The latest Times story neatly complements a previous Times scoop in 2018 which showed that, far from being a self-made man, young Trump received $413 million from his father — and squandered it in a series of failed deals. The new article picks up the story, showing that Trump received another windfall from “The Apprentice” and related deals — and then promptly squandered that, too. By July, the newspaper reports, the supposed billionaire had no more than $873,000 in securities left to sell.
The Times article supports the assumption that Trump ran for president in 2015 — a race he never expected to win — to revive his flagging fortunes. That is, in fact, what Trump’s former lawyer, Michael Cohen, told Congress last year: “Mr. Trump would often say this campaign was going to be the greatest infomercial in political history. . . . The campaign for him was always a marketing opportunity.”
Once Trump unexpectedly won, the marketing opportunities only increased for the most unethical president in our history. Citizens for Responsibility and Ethics in Washington (CREW) just released a report showing that Trump has 3,400 conflicts of interest. He has profited from his presidency by making repeated visits to his own properties with his vast entourage in tow, while lobbyists, political groups and foreign governments have also paid to stay at his properties.
Trump tried to secure even more lucrative paydays by announcing that the Group of Seven summit would be held at his Miami-area golf resort and reportedly instructing the U.S. ambassador in London to pressure the British government to move the British Open golf tournament to his Scottish resort. Both schemes blew up in Trump’s face, raising the issue of why someone as rich as he claims to be would engage in such blatant profiteering. Now, we know the answer. Trump is not just less wealthy than he claims; he is up to his eyeballs in debt.
The Times reports that Trump is on the hook for $421 million in debt, much of which is coming due soon. As former FBI agent Josh Campbell points out, that much debt “disqualifies most people from obtaining a government security clearance,” because the U.S. government “views this as a vulnerability and a point of leverage for foreign adversaries seeking access to classified information.”
The Times account did not specify who Trump’s creditors are and sheds little light on his business connections with Russia. It did note that he made more money from holding the Miss Universe pageant in Moscow in 2013 — $2.3 million — than from any other pageant. That money came from the Agalarov family, which is close to Russian President Vladimir Putin, and which lost $10 million on the transaction.
This should serve as a reminder that special counsel Robert S. Mueller III refused to look into Trump’s financial dealings with Russia, which Trump said was a red line for him.
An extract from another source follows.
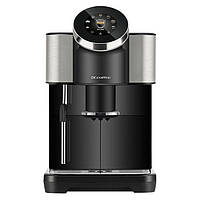 Кавомашини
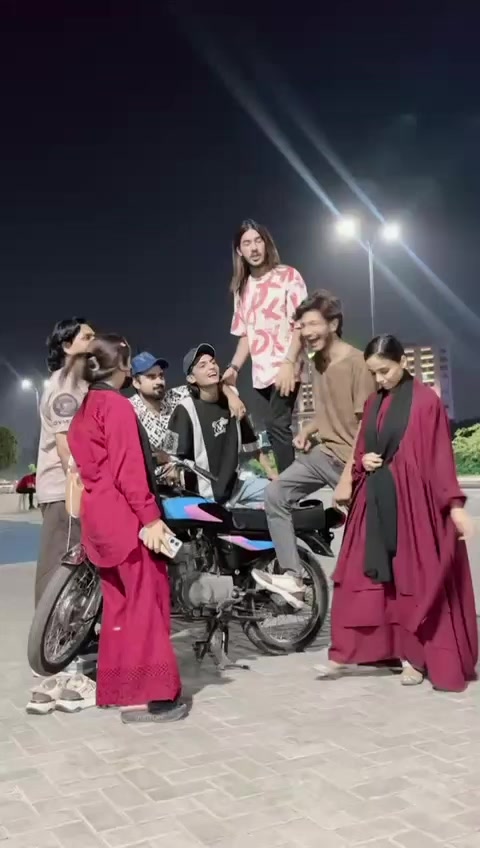 @🥵Zami Ch007🥵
That investigation still needs to be conducted. But even the bare facts revealed by the Times show why both former FBI agent Peter Strzok and former director of national intelligence Daniel Coats suspect that (as Coats told Bob Woodward) “Putin had something on Trump.”
And Putin isn’t alone. The Times shows that Trump made millions of dollars during his presidency from licensing deals in places such as the Philippines, Turkey and India, rendering him vulnerable to pressure from the strongmen in power in all of those countries. Indeed, former national security adviser John Bolton said that Trump’s decision-making on Turkey was motivated by Trump’s business interests. That is a shocking corruption of U.S. foreign policy.
Will any of it matter? It’s true that the Times’s revelations are unlikely to move Trump’s devoted supporters to vote for Joe Biden. But they do disrupt Trump’s ability to get his message across with only 36 days left in an election that he is losing.
The Times has done an impressive job of getting the truth out, and now it is up to the voters to decide whether they want to reelect a flimflam man. The Times account makes clear that Trump is desperate to stay in office in no small part because he needs to profit from the presidency — and to avoid the risk of prosecution for tax fraud and other possible crimes.